Modern Wood Heating and Other Thermal Applications Offer a Big Opportunity.

It is used daily by homes, businesses and industrial facilities across the country, most frequently for space heating, water heating, andindustrial processes.

Using wood for heating, cooling and combined heat and power (CHP) in the U.S. would reduce greenhouse gas emissions, decrease our dependence on foreign fossil fuels, and create jobs in rural communities.

Energy efficiency measures the ratio of useful output compared to fuel input, acting like an energy return on investment.  Modern and commercially viable wood heating, cooling, and cogeneration technologies can reach efficiency levels of up to 80-90%. Biomass thermal technologies can generate more usable energy per unit of fuel than better known—and better funded—renewable biomass pathways.

However, nearly all government grants and incentives for renewable energy support the electricity and transportation sectors. Renewable sources of thermal energy have largely been forgotten in public policy.

Incentives are necessary to make modern wood heating and cooling more competitive in the marketplace with non-renewable sources of thermal energy.  Policy tools such as thermal renewable energy credits, production and investment tax credits, community grant programs, and biomass supply programs can grow the market and overcome initial adoption costs.  In time, with increasing market penetration, these incentives can be scaled down or eliminated.

Federal support must be directed towards projects with the greatest commercial viability and technical merit, no matter their industry. Tax and incentive programs that level the playing field by recognizing the most efficient technologies will guide the U.S. towards energy independence more quickly, cleanly, and affordably.  Instead of being the forgotten renewable, biomass thermal must be a key element in America’s energy future.

BTEC works on behalf of you and your company to advance this renewable, low-carbon energy technology.

In 2017, we are:

Advocating for public policies that bring modern wood heating into the “mainstream.”

    1. Since the beginning of the year, we have generated bipartisan support for the Biomass Thermal Utilization Act (BTU Act), an investment tax credit for high-efficiency residential and commercial-sized wood boilers that achieves tax parity with other renewables.

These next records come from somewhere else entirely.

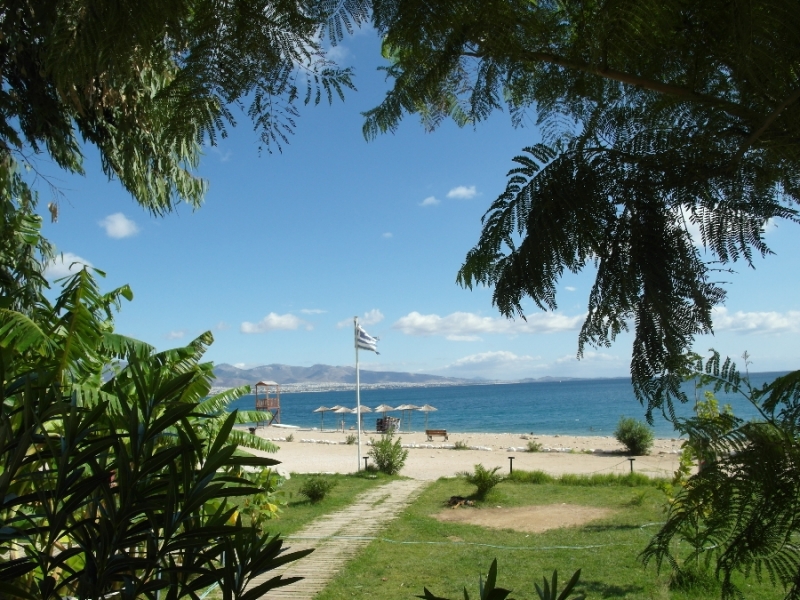 За зайцами по греческим островам: общефорумный круиз Rhapsody of the Seas, осень 2015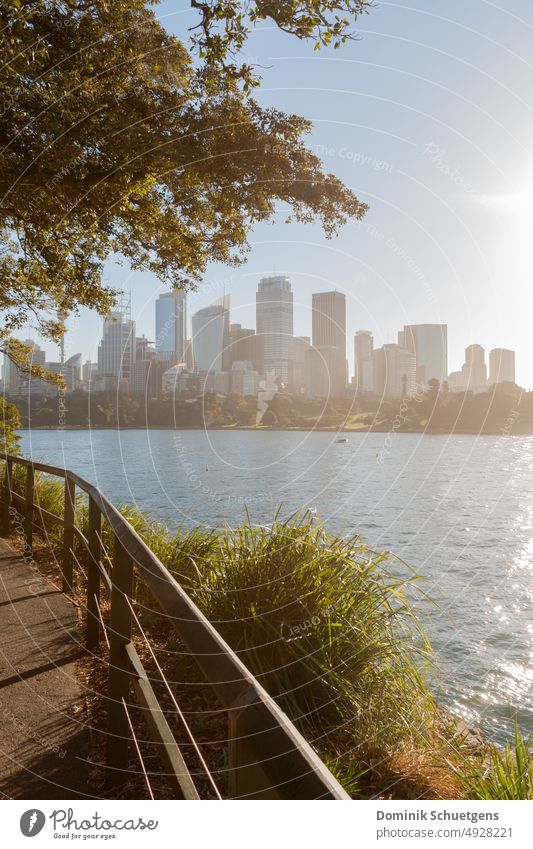 Sonnenuntergang hinter der Skyline von Sydney, Australien Hafencity Hochhaus Hafenstadt Ferien & Urlaub & Reisen Farbfoto Stadt Außenaufnahme Tourismus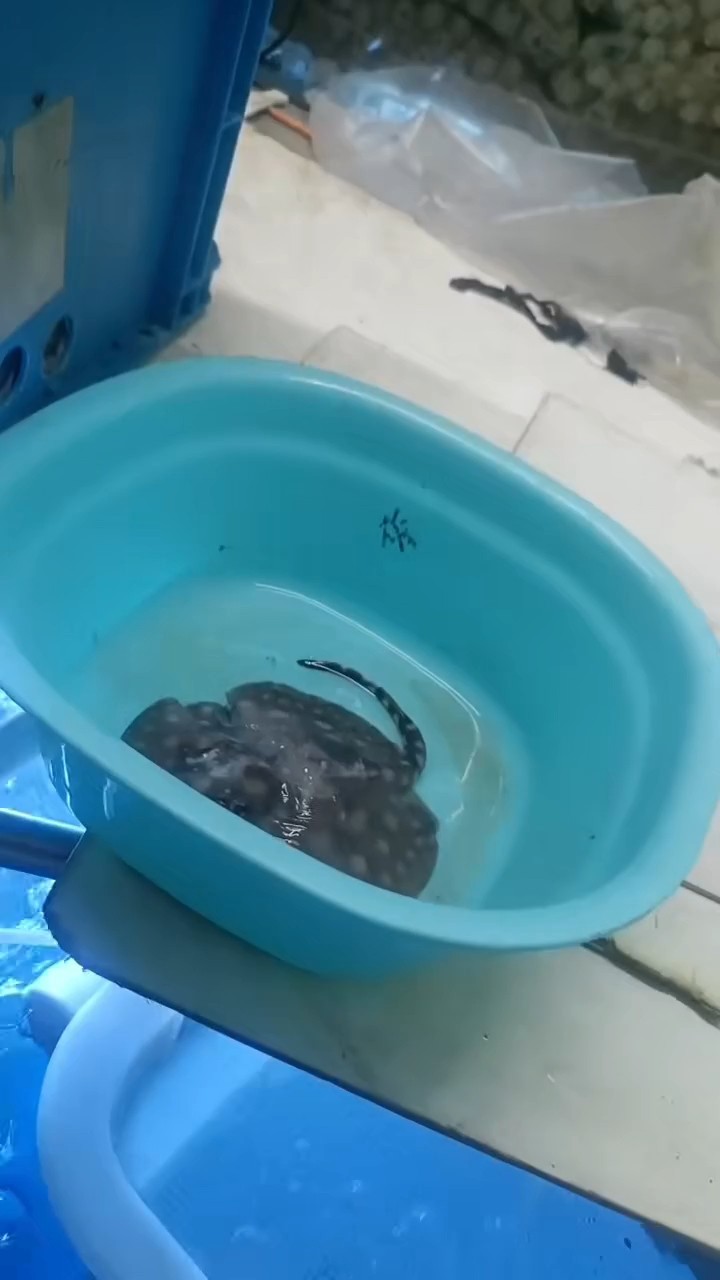 臺風夜生小魚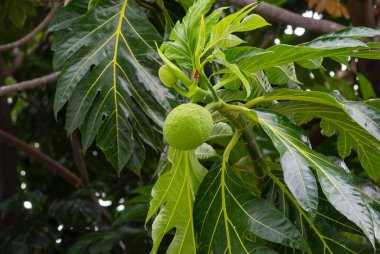 Ekmek meyveleri (Artocarpus altilis) ağaçta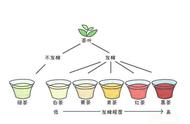 你知道中国六大茶种的产地吗？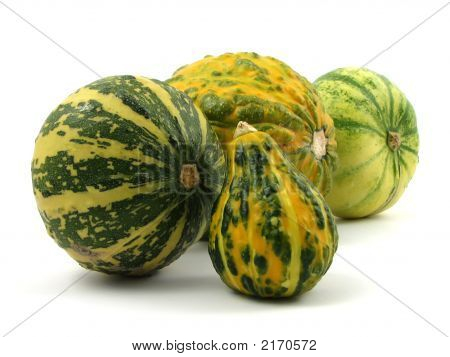 Decorazione zucca
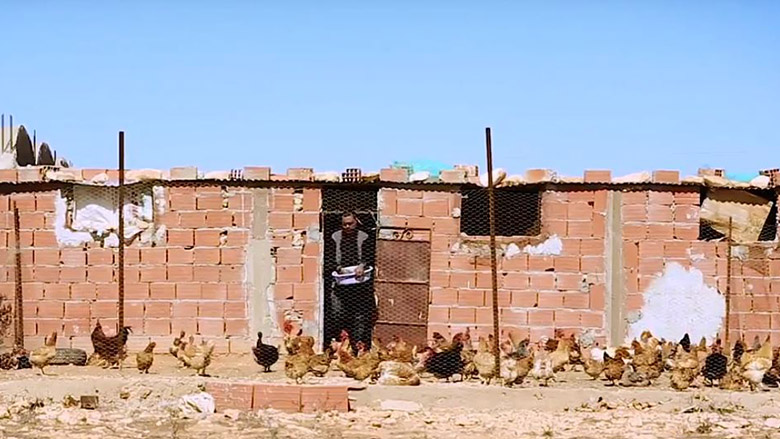 Volaille et accès au crédit donnent un nouveau souffle aux fermes tunisiennes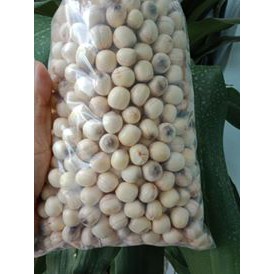 Hạt sen tươi chính gốc Hội An 1kg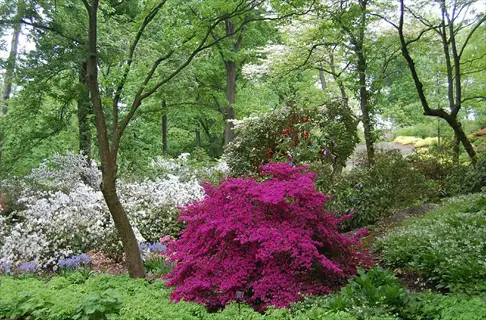lush garden landscape featuring a vibrant magenta azalea garden bed surrounded by white blooms and tall trees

The BTU Act will be reintroduced in late June.
    2. We have revamped the Community Wood Energy Program, and are working with the Forests in the Farm Bill Coalition to include it in next year’s Farm Bill. Fourteen organizations endorsed our proposal for a 5-year $50 million annual program to cover up to 35% of the installed capital costs for high-efficiency low-emissions projects.
    3. After falling short in last year’s Energy Bill, we achieved recognition of carbon neutrality of forest-based biomass in this year’s omnibus spending bill.
    4. We are supporting appropriations for energy efficiency, US Forest Service, and rural development programs that support wood heating.
    5. We continue to support state level efforts in places like Oregon and Maine that recognize the economic and environmental benefits of wood heating.

Removing technical barriers to market expansion.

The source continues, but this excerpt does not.